Charles Jackson

Charles Jackson

Biography

Charles J.-A. Jackson is a chemistry major at Texas A&M University–Corpus Christi, graduating in Fall 2025. Originally from Calgary, Alberta, he began his studies at TAMU-CC in 2022. During his undergraduate studies he joined Dr. Mark A. Olson’s lab where he investigated novel fluorescent small molecules for sugar sensing. He has served as a teaching assistant for Organic Chemistry I & II and as the chemistry club’s experiment coordinator where he has shared his passion for chemistry. In chemistry club he has organized demonstrations for students and the local science museum. He was admitted to the MITSummer Research Program, where he conducted research in Dr. Timothy Swager’s lab on rare earth element sequestration using novel ion exchange membranes. Beyond academics, he has been actively involved in community service through volunteering clubs, helping plan and participate in service events such as beach cleans. Additionally, he enjoys cooking and reading fantasy novels. Charles plans to pursue a PhD in organic chemistry with the long-term goal of becoming a research professor.

Abstract

Selective Ion Exchange Resins For Rare Earth Element Extraction from Coal Ash

Rare Earth Elements (REEs) are a critical resource for modern technologies. As demand for REEs increases with technological advancements secondary sources of REEs such as coal ash become important extraction targets; however, they remain vastly underexplored.

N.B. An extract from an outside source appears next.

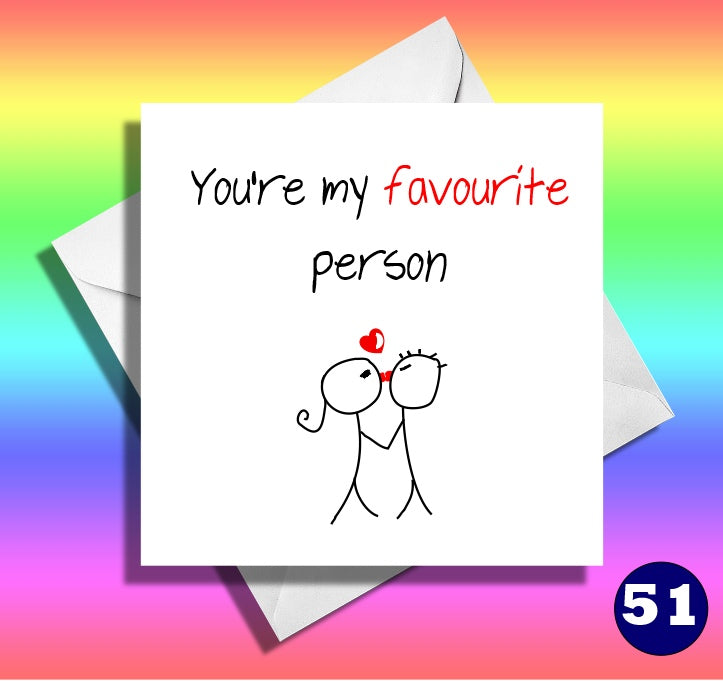 You're my favourite person. Anniversary, birthday, valentine's card. Comical,hilarious cards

This summer’s research focused on two aspects of the extraction of REEs from coal ash. Firstly, we investigated the utilization of more environmentally benign leaching conditions. Secondly, we investigated novel ion exchange (IX) resins based on poly(arylene ethers)s (PAE) for the selective sequestration of the REEs from the leachate. For the first part, we investigated the REE leaching properties of citric acid, particularly focusing on the absorption kinetics. Revealing citric acid has comparable absorption to that of commonly used inorganic acids. For the second part of the project, we studied anionic Fries rearrangements of triptycene diols as a versatile platform for the synthesis of functionalized monomers. Besides providing access to functionalized triptycene monomers, this strategy afforded a novel method for controlled orth-functionalization. This enhanced its synthetic versatility and yielded functionalized triptycene diols. Future investigations will constitute variable temperature absorption kinetics of citric acid and the diversification of PAE based IX resins.